Available data:
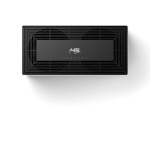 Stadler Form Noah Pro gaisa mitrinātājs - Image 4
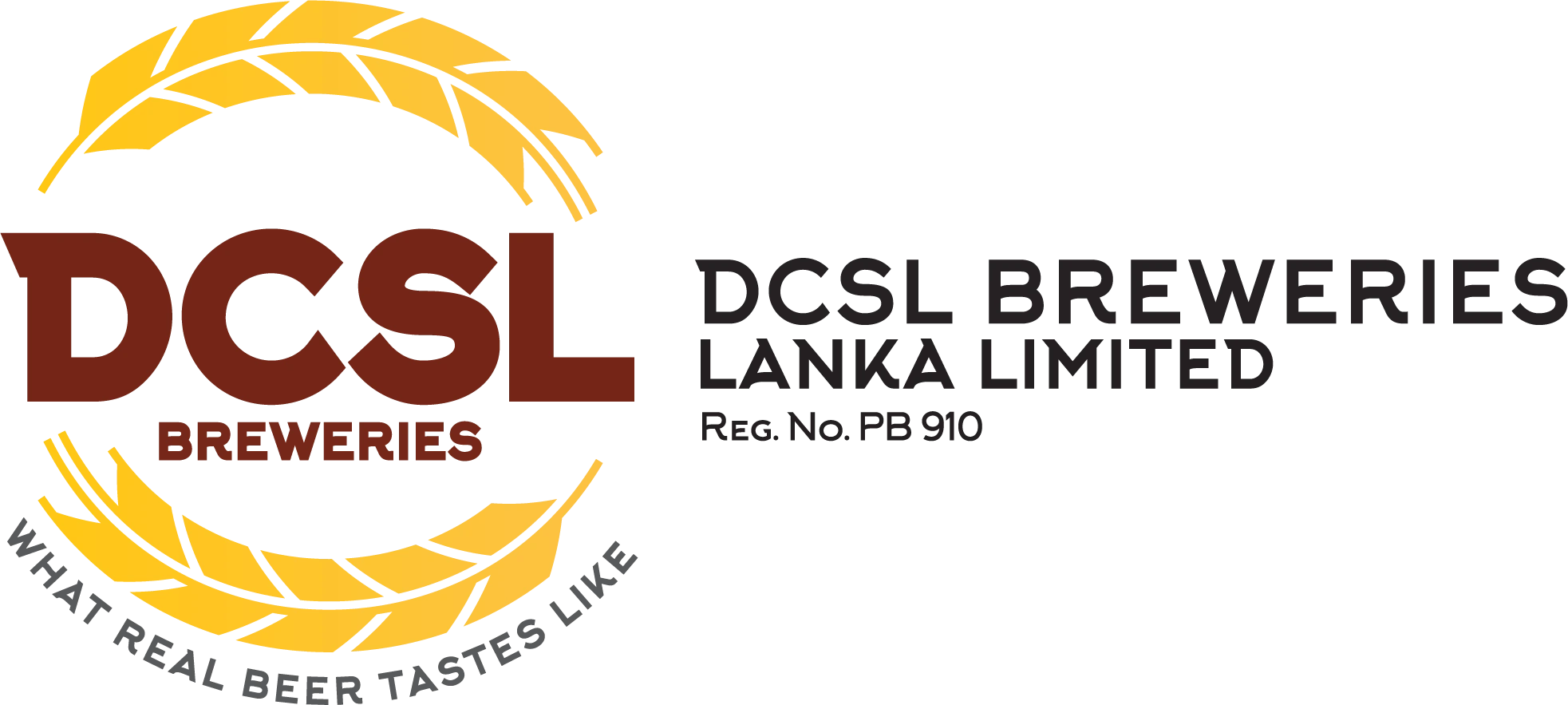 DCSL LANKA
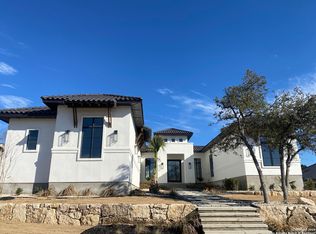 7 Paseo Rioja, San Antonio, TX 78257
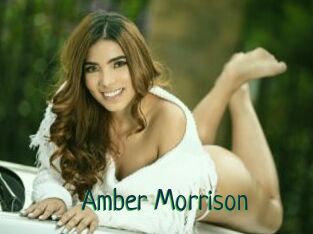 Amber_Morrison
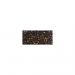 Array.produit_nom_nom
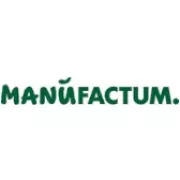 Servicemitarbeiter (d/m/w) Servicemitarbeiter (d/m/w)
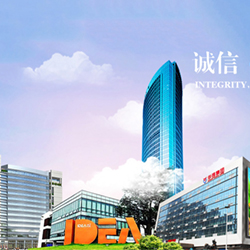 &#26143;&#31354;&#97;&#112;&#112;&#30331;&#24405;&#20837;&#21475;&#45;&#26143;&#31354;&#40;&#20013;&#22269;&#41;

Work task: Once the line containing "Servicemitarbeiter (d/m/w) Servicemitarbeiter" is found, it and every line through the end of the records above should be output exactly, with no pictures.

Answer below:
 Servicemitarbeiter (d/m/w) Servicemitarbeiter (d/m/w)
 &#26143;&#31354;&#97;&#112;&#112;&#30331;&#24405;&#20837;&#21475;&#45;&#26143;&#31354;&#40;&#20013;&#22269;&#41;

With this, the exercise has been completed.